1

I would like to extract a JSON file compressed with Lzip (.lz). I have tried with untar, unzip, and the archive library, sadly none of them work.

download.file(url = "https://parltrack.org/dumps/ep_votes.json.lz",
              destfile = "ep_votes.json.lz",
               mode = "wb")
archive("ep_votes.json.lz")
# Erreur : archive.cpp:37 archive_read_open1(): Unrecognized archive format

untar("ep_votes.json.lz", exdir = ".")
# tar.exe: Error opening archive: Can't initialize filter; unable to run program "lzip -d -q"
# Warning message:
# In untar("ep_votes.json.lz", exdir = ".") :
#   ‘tar.exe -xf "ep_votes.json.lz" -C "."’ returned error code 1

unzip("ep_votes.json.lz", exdir = ".")

# Warning message:
# In unzip("ep_votes.json.lz", exdir = ".") :
# erreur 1 lors de l'extraction d'un fichier zip

Here is the documentation about lzip: https://www.nongnu.org/lzip/lzip.html.

It works naturally with Winrar but I would like to do it in R directly.

Do you have an idea on how to fix those errors or is there another solution?

JMCrocs
  • 77
  • 7
  • 1
    I downloaded that file and tried to use the command-line `lunzip` on it, and it says effectively the same thing: `Decoder error at pos 149`. That appears to be a corrupted lz file. – r2evans Sep 13 '21 at 18:30
  • I added "mode = "wb" and now the file is not shown as corrupted and I can unzip it with Winrar but not with R yet – JMCrocs Sep 13 '21 at 18:41
  • 1
    Good, you found the `mode=` problem (I hadn't found yet :-).
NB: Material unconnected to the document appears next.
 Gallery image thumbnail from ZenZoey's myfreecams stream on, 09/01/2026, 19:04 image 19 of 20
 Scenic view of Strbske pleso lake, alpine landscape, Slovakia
I can't get it to work using `archive_extract("ep_votes.json.lz", "ep_votes.json")` or with `archive_read(.., format="lzma")`, instead seeing `Unrecognized archive format`. Not sure what's going on. In a pinch, if you have `lunzip` installed in the OS itself, you can extract it via something like `system("lunzip ep_votes.json.lz")`. – r2evans Sep 13 '21 at 18:59
  • As I did not figure to install lunzip on Windows, I guess I will, for now, extract it manually with WinRAR. Thanks for your help! – JMCrocs Sep 13 '21 at 23:06
  • https://github.com/r-lib/archive/issues/52 here is the solution! – JMCrocs Sep 14 '21 at 14:12
  • 1
    That seems to make sense, though I have [suggested](https://github.com/r-lib/archive/issues/52#issuecomment-919215810) that perhaps `format="lzma"` should default to this behavior. Nice! – r2evans Sep 14 '21 at 14:40

1 Answers1

2

Jim Hester gave the answer through his GitHub :

lzip is a compression format, not an archive format, e.g. it compresses only a single file, it does not store multiple files like a zip or tar archive would.

So you need to use archive::file_read() rather than archive().

e.g. data <- jsonlite::parse_json(archive::file_read("ep_votes.json.lz"), simplifyVector=FALSE)

source : https://github.com/r-lib/archive/issues/52

StayOnTarget
  • 11,743
  • 10
  • 52
  • 81
JMCrocs
  • 77
  • 7